And she kissed me some more, but saner kissing now, less feverish, less desperate, and when a nurse walked past and said, laughing, ‘Oh, get a room, you two,’ Cyd took a step away from me.

I stood there looking at her.

‘Are you coming home?’ I said, touching her arm. She let me do that. ‘Are you? Come home. Come home, okay?’

She looked at the ground. ‘I’ll see you, okay?’ she said.

‘Is Joni all right?’ I said. ‘She’s not worried about an asteroid hitting Earth?’

‘She hasn’t mentioned the asteroid,’ she said. ‘I think she’s more concerned about global warming. Climate change, that’s the big fear now. And the Weeping Angels from
Doctor Who.’

‘Those bastards,’ I said, with feeling.

‘The asteroid – she’s over the asteroid.’ Cyd took a breath. ‘But she misses you.’

‘And I miss her,’ I said. ‘And I miss you. And whatever problems there are, we can work them out. Because I’m lost without you.’ I shook my head. ‘And I will always be lost without you.’

It was true.

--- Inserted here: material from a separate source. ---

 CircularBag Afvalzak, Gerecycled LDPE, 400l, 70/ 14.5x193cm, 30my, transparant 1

It would always be true. So I reached for her. I thought maybe one more go at the kissing could win her round.

But she backed off, arms folding protectively.

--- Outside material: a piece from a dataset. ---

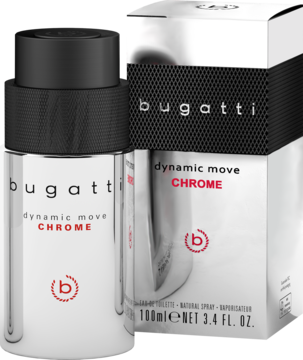 Męska woda toaletowa Bugatti Dynamic Move Chrome 100ml, chromowana butelka z czarną nakrętką i pudełko, widok z przodu.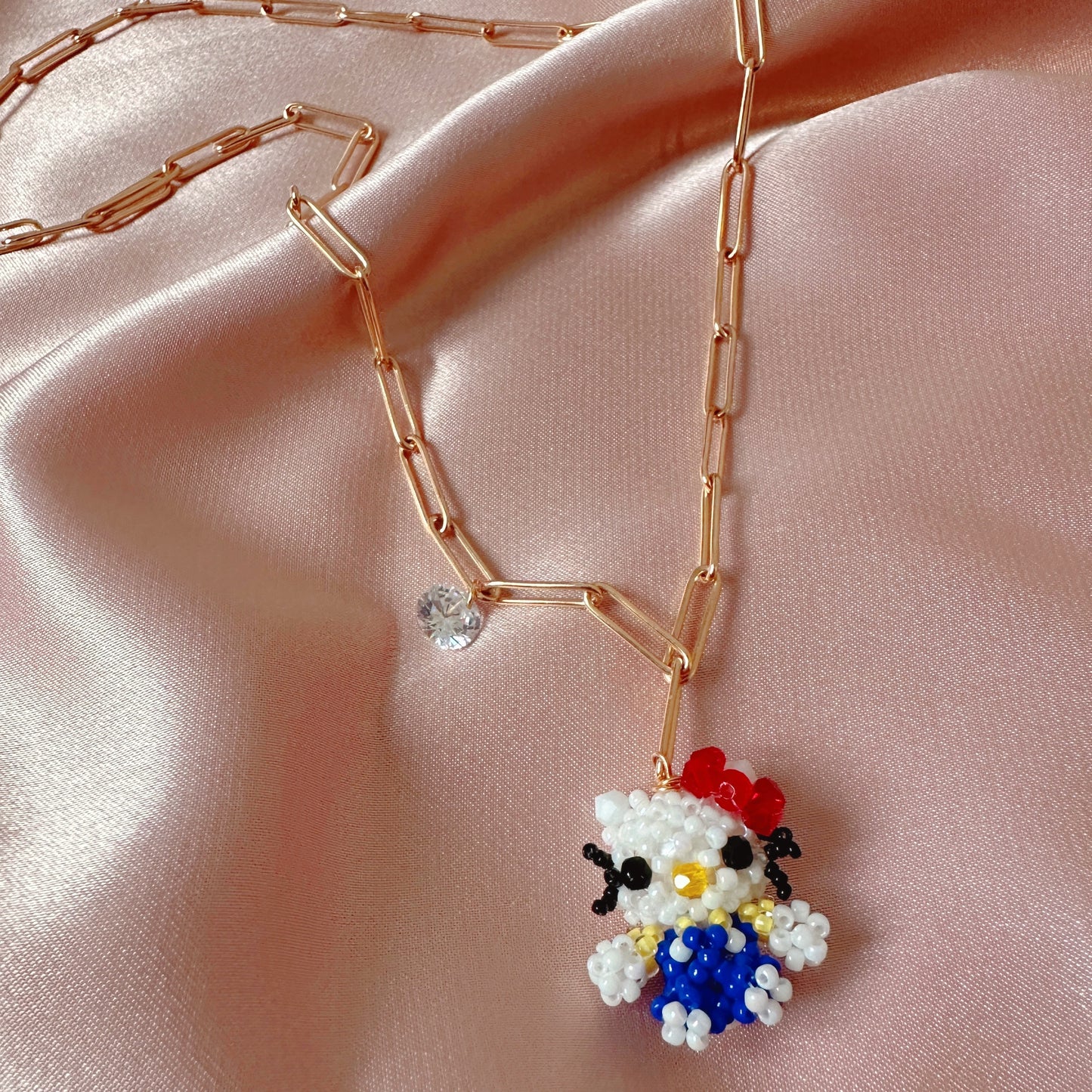 Hand beaded Hello Kitty Chain Necklace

‘I’m going now,’ she said.

I nodded. I could read the signs. With her arms folded, I could see there was no more kissing to be done right now.

And nothing else to say.

‘All right,’ I said, and then I felt the panic as she turned away. She was really leaving. But this time I did not follow her.

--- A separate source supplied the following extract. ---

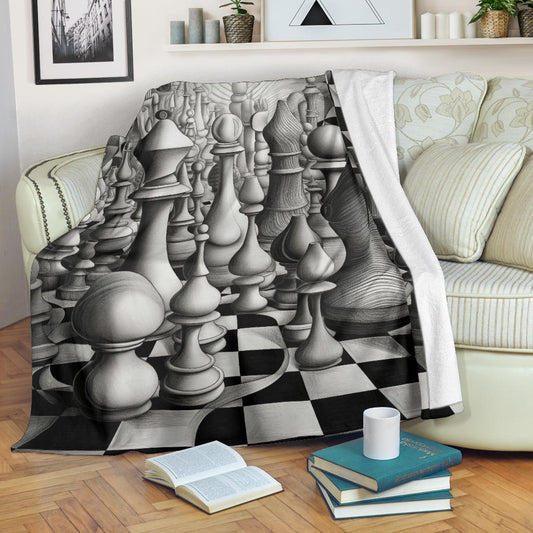 Chess Blanket, Chess Fleece Blanket, Chess Gifts, Chess Neuveau art, Chess Custom Name, Chess Throw Blanket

‘See you then,’ I said, just for something to say, but she did not turn around. She just raised her left hand in farewell, and the way she held it there for a moment longer than strictly necessary made it seem as though the gesture meant something more.
I hear you, I love you, but I am going now.
That is what I saw in her gesture, although I could have been kidding myself.

But I noticed that on the third finger of her left hand, Cyd still wore her wedding band.

And that had to mean something, didn’t it?

The way she walked away, the way she waved goodbye
without turning round – it was straight from the end of
Cabaret,
one of my wife’s favourite films, when Sally Bowles leaves the man she has loved and goes back to her life. Except that old Sally Bowles wasn’t wearing a wedding ring when she walked away.

And in my experience, a ring makes all the difference when you are trying to walk away.

The ring, and the children.

Twenty-five

I wandered the empty house.

There were traces of the family we had been, archaeological clues to a previous lifetime. A pink scooter in the hall that Joni had grown out of. A paperback called
Love Sucks
that Peggy had finished with on the garden table, a sensitive vampire boy looking mean, moody and undead on the front cover. And, everywhere, the traces of my wife.

Her winter clothes. Her CDs by Enya and Macy Gray, original cast versions of
Oklahoma!
and
West Side Story
and
Singin’ in the Rain.
Old copies of
Grazia
and
Red.
The books of films she had loved.
Chocolat
and
The English Patient
and
The Unbearable Lightness of Being.
And especially in the kitchen – her workplace, her domain – things that she had bought because she needed them, or because she thought they were nice. All these jolting moments that brought the reality of her home to me in a way that I had never felt when she was still here.

I found a T-shirt in the bottom of the laundry basket and I buried my face in it. It said Juicy on the front and it was threadbare and comfortable. And I could smell her on it and it made me reel with the longing for her. I missed my wife. I missed my daughter. I wanted my family back.

And the old question from years ago gnawed at me now, as I wondered if Pat and I were still a family. Did we qualify? If there was just the two of us, then could we still call ourselves a family? Or was that just a bit too grand for our two-man band?

I wanted to believe that we were still a family. But I don’t think you are a family if there are just the two of you left.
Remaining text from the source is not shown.